Data section START

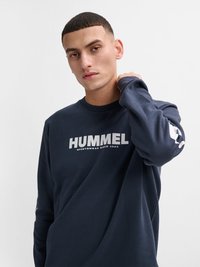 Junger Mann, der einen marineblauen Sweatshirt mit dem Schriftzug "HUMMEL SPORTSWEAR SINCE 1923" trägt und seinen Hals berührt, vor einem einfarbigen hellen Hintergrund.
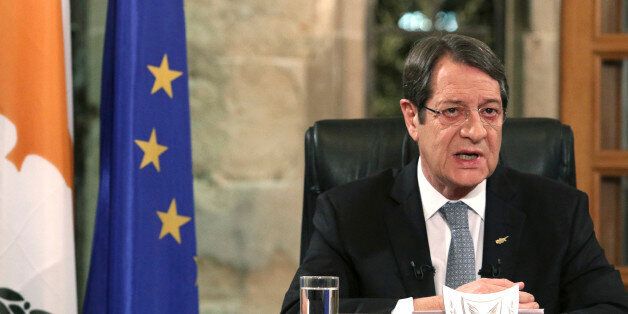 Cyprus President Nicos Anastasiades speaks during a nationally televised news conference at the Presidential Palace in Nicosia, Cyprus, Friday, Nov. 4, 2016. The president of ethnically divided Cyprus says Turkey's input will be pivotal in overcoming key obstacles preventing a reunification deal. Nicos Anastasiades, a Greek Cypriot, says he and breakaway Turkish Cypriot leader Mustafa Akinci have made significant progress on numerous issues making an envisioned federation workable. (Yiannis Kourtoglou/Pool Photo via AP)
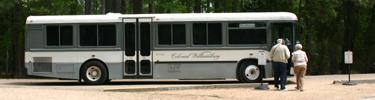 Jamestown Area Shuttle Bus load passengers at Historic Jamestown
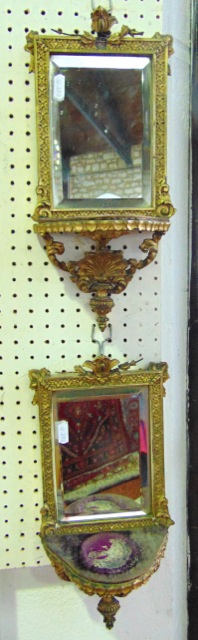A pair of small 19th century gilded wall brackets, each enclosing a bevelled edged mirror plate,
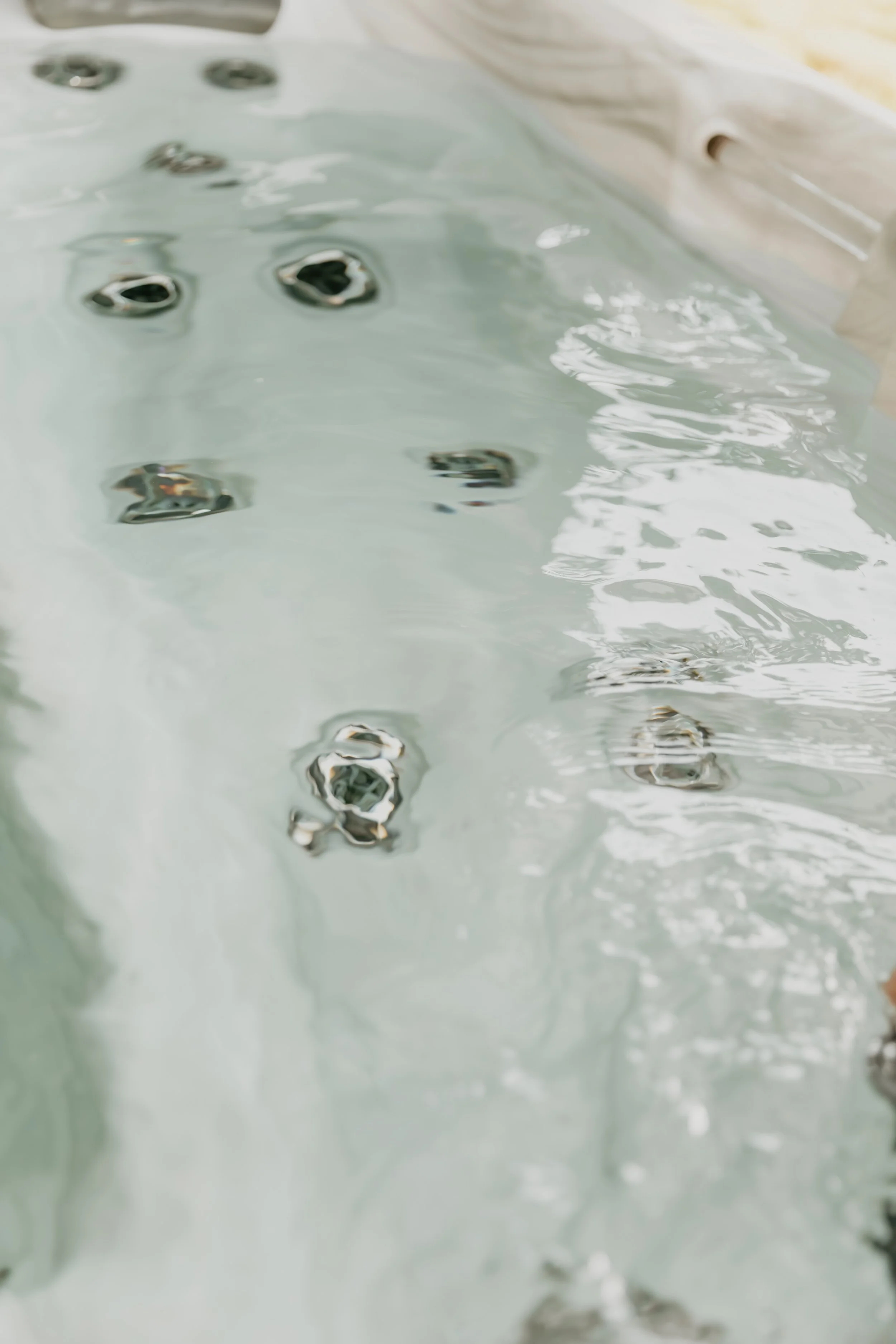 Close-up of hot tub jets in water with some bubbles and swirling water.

Data section END
Data section START

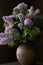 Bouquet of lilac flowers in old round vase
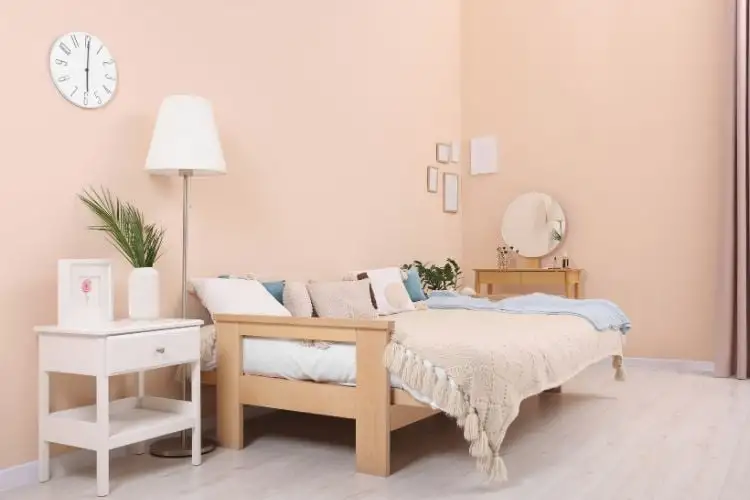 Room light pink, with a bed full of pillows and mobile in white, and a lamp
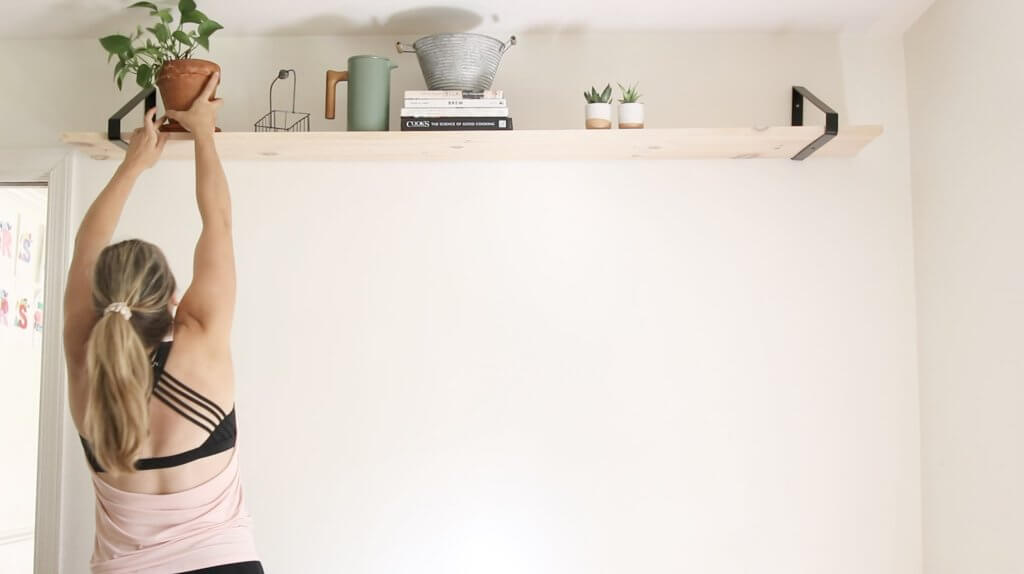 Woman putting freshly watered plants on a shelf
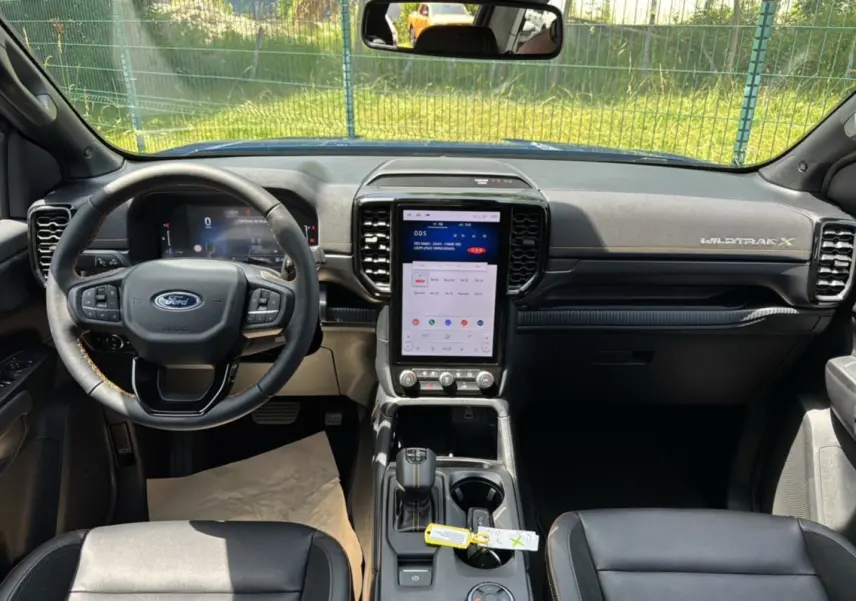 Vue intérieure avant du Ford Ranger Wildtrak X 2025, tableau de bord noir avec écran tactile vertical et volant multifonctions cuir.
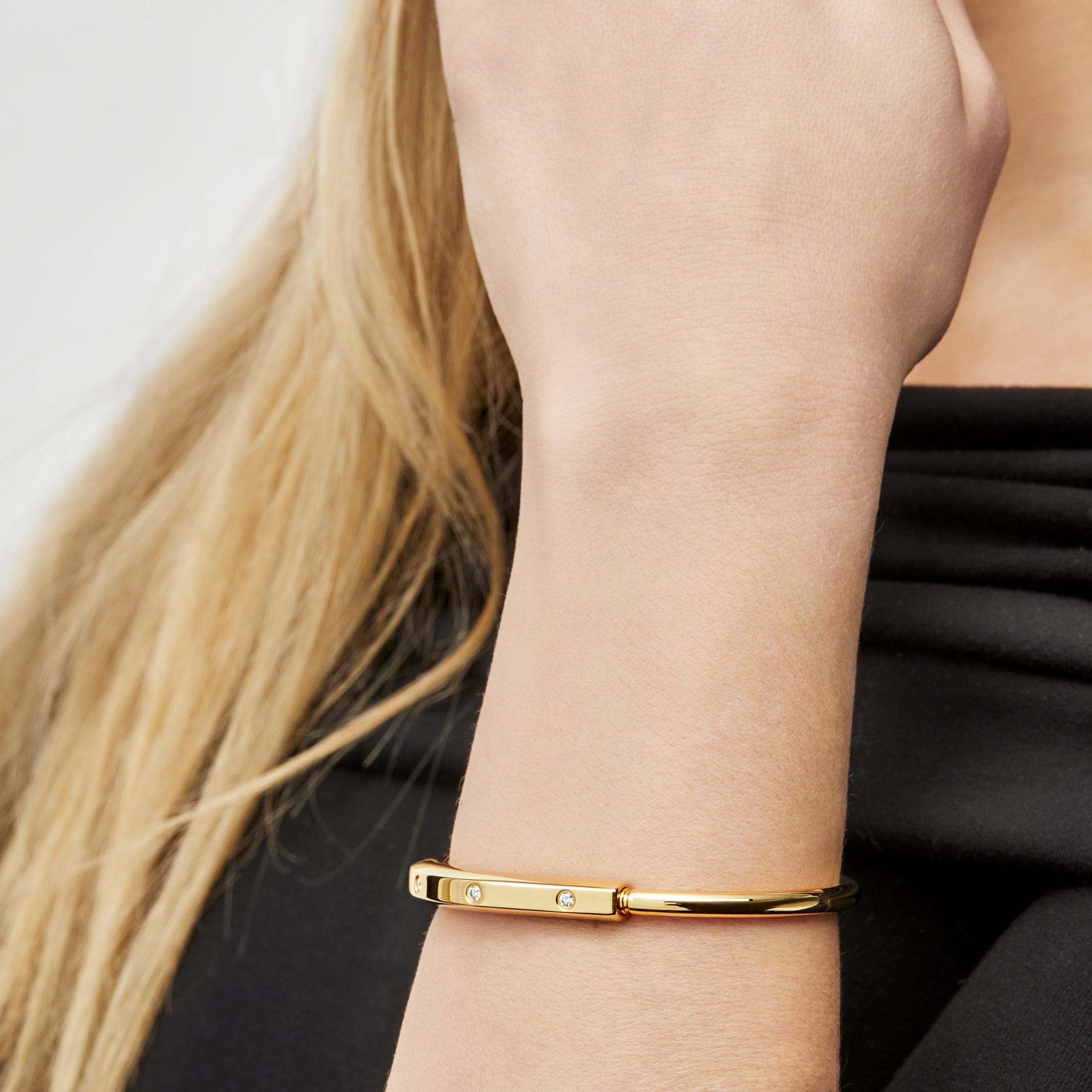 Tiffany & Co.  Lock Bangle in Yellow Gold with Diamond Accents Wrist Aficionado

Data section END
Data section START

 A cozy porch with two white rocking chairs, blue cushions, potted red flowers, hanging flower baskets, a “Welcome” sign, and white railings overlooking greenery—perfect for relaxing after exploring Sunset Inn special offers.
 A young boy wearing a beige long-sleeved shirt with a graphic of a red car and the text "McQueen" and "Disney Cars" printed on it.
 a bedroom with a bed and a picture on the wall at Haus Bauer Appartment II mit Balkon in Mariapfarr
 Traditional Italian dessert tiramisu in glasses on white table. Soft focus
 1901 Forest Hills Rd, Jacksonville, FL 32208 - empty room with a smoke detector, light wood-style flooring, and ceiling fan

Data section END

◆ Activity:
Within the listing above, the stretch from the line with "Vue intérieure avant" down to the line with "Tiffany & Co." is to be given again exactly, end lines included and pictures excluded.

◆ Response for this exercise:
 Vue intérieure avant du Ford Ranger Wildtrak X 2025, tableau de bord noir avec écran tactile vertical et volant multifonctions cuir.
 Tiffany & Co.  Lock Bangle in Yellow Gold with Diamond Accents Wrist Aficionado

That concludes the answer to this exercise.